Contributed by todd on from the redundant-redundancy dept.
First released in OpenBSD 3.8, trunk(4) is used to aggregate multiple network interfaces as one virtual trunk interface. In English, this means you take two network cards, plug them both into the same (or a different switch) and you continue functioning even if you unplug one. As released in 3.8, the trunk(4) interface implemented a simple roundrobin protocol.
New in -current, there is a failover protocol. This permits specifying one of the network cards as the master, and a secondary one to be used if the primary one is observed to be unplugged. One ingenious use of this new feature is for users who bridge their wireless network and wired networks. One may use a trunk interface to assign the IP address of a laptop. The trunk interface then in turn uses the ethernet interface of the laptop as master, and the wireless interface as the failover port. Unplugging the laptop to go sit in the breeze on the porch permits no connections to be reset, while returning to plugin the wired network permits a download from a local server to greatly increase in speed.

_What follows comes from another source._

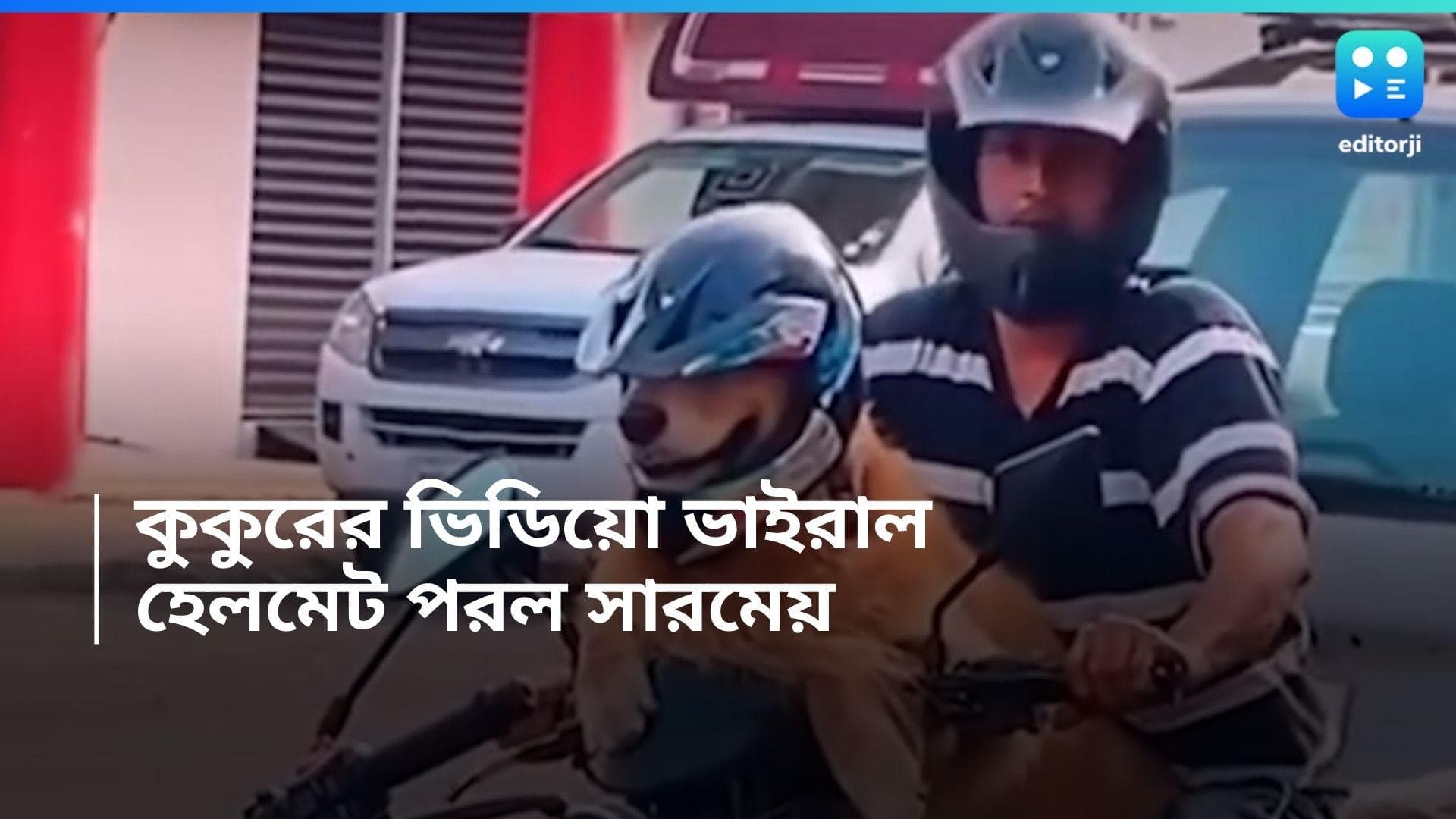 Dog wearing helmet: বাইকে উঠে হেলমেট পরল কুকুর, আপ্লুত নেটিজেনরা, দেখুন সেই ভিডিয়ো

Servers will likely want round-robin which also permits to aggregate bandwidth. This means faster than 100mbit speeds with multiple 100mbit ethernet cards, for example.
With a `super redundant setup' of failover trunking, one can setup a system with 6 nics in each of two machines and several switches that result in a super resilient setup in which no one piece of equipment (including a switch) failing will permit loss of traffic.